La cultura general de una persona debe incluir el conocimiento sobre las graves consecuencias del tabaquismo, y tener conciencia de la enorme presión que la industria tabacalera ha ejercido y seguirá ejerciendo para iniciar y mantener la adicción a la nicotina en la población, proporcionando información engañosa y abusando de una publicidad perversa que pretende exaltar “valores” en la persona, particularmente entre la juventud.

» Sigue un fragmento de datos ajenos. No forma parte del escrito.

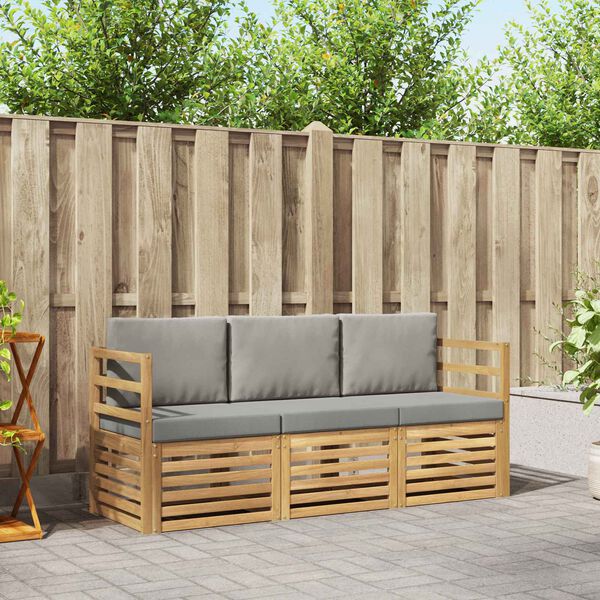 Zobrazen&iacute; obr&aacute;zku produktu 2 z 7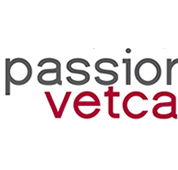 Passionate Vetcare - Vets Adelaide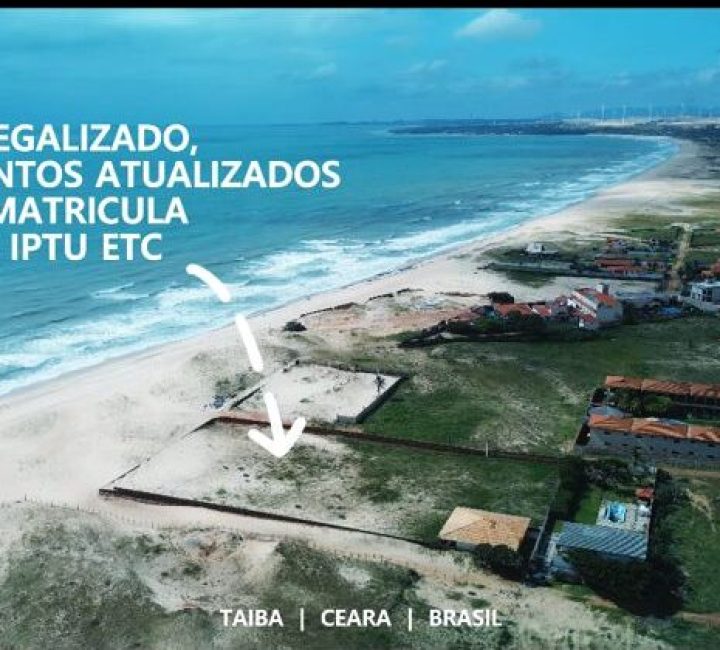 Imagem do WhatsApp de 2025-05-18 à(s) 13.15.17_45ad2ff8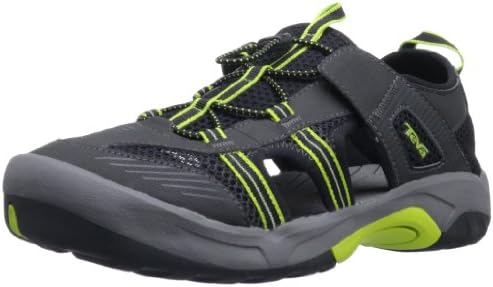 Teva Omnium 2 Kids Sandal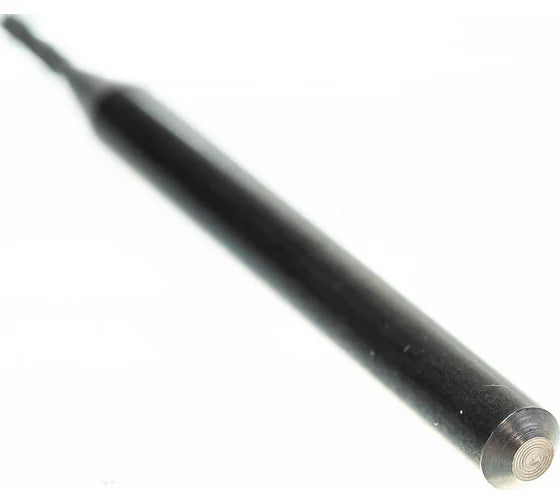 Dremel 113 Engraving Cutter (26150113JA)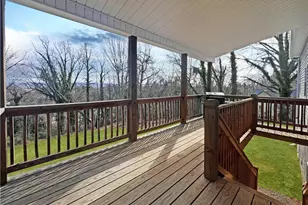 609 G St, North Wilkesboro, NC 28659 - Photo 16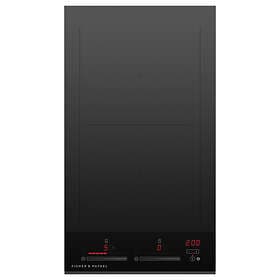 Fisher & Paykel CI302DTB4 (Black)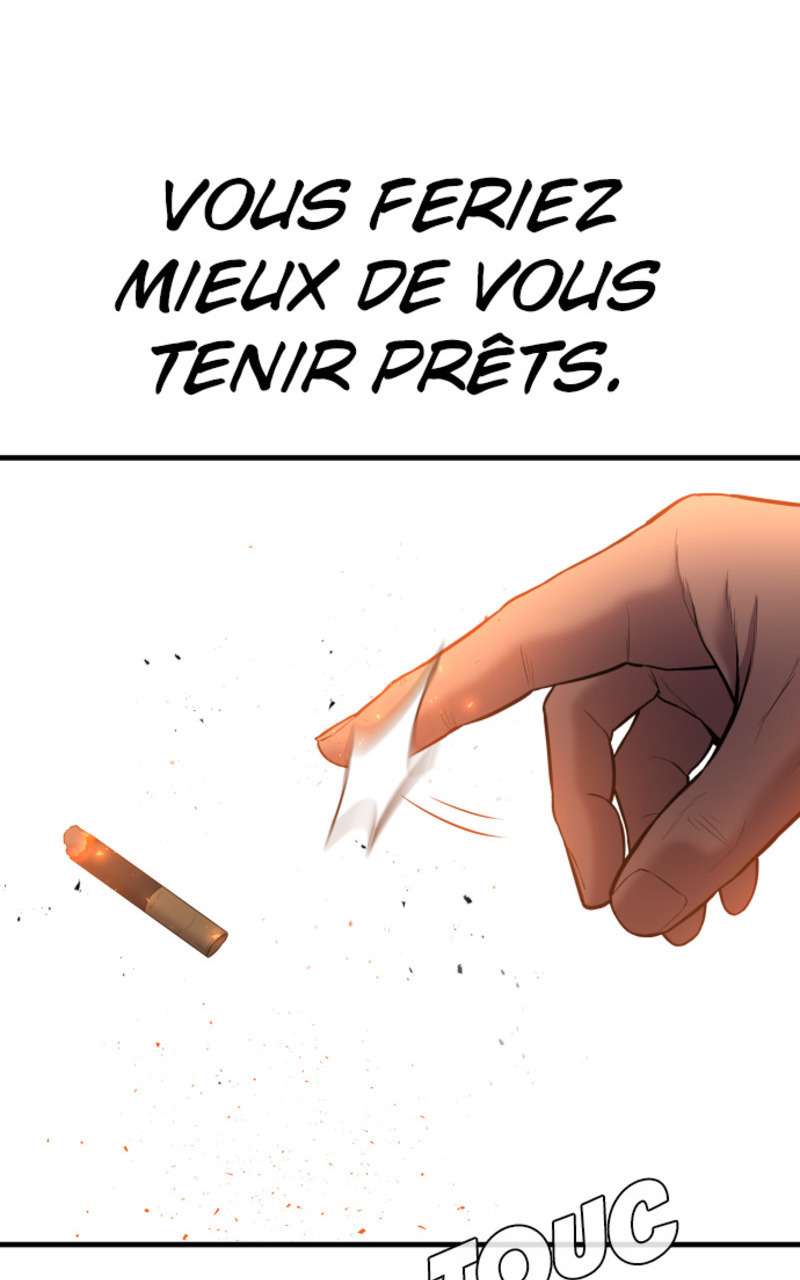  Manager Kim - Chapitre 83 - 191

El tabaquismo es una adicción y las adicciones no son hábitos: son enfermedades. Fumar o no fumar es la decisión en salud más importante. Desafortunadamente más del 80% toma esa decisión durante la adolescencia, sin tener consciencia de las consecuencias.

Fumar no es únicamente una responsabilidad individual; es una responsabilidad colectiva, por lo que requiere la participación de todos sin temor a considerar que contribuir a su control sea una actitud descortés o poco tolerante.

Las intervenciones conductuales pueden desempeñar un papel integral en el tratamiento anti tabaco, ya sea conjuntamente con medicamentos o por si solas. emplean una variedad de métodos para ayudar as los fumadores a romper con el hábito, que va desde materiales de autoayuda hasta terapia cognitiva-conductual individual.

Tradicionalmente los enfoque conductuales se desarrollaban y se realizaban en ambientes formales como las clínicas para dejar de fumar y numerosos ambientes comunitarios y de salud pública. Sin embargo, en la última década los investigadores han estado adaptando estos enfoques a formatos telefónicos, de correo y de internet, los mismos que pueden ser más aceptables y accesibles a los fumadores que quieren romper con el hábito.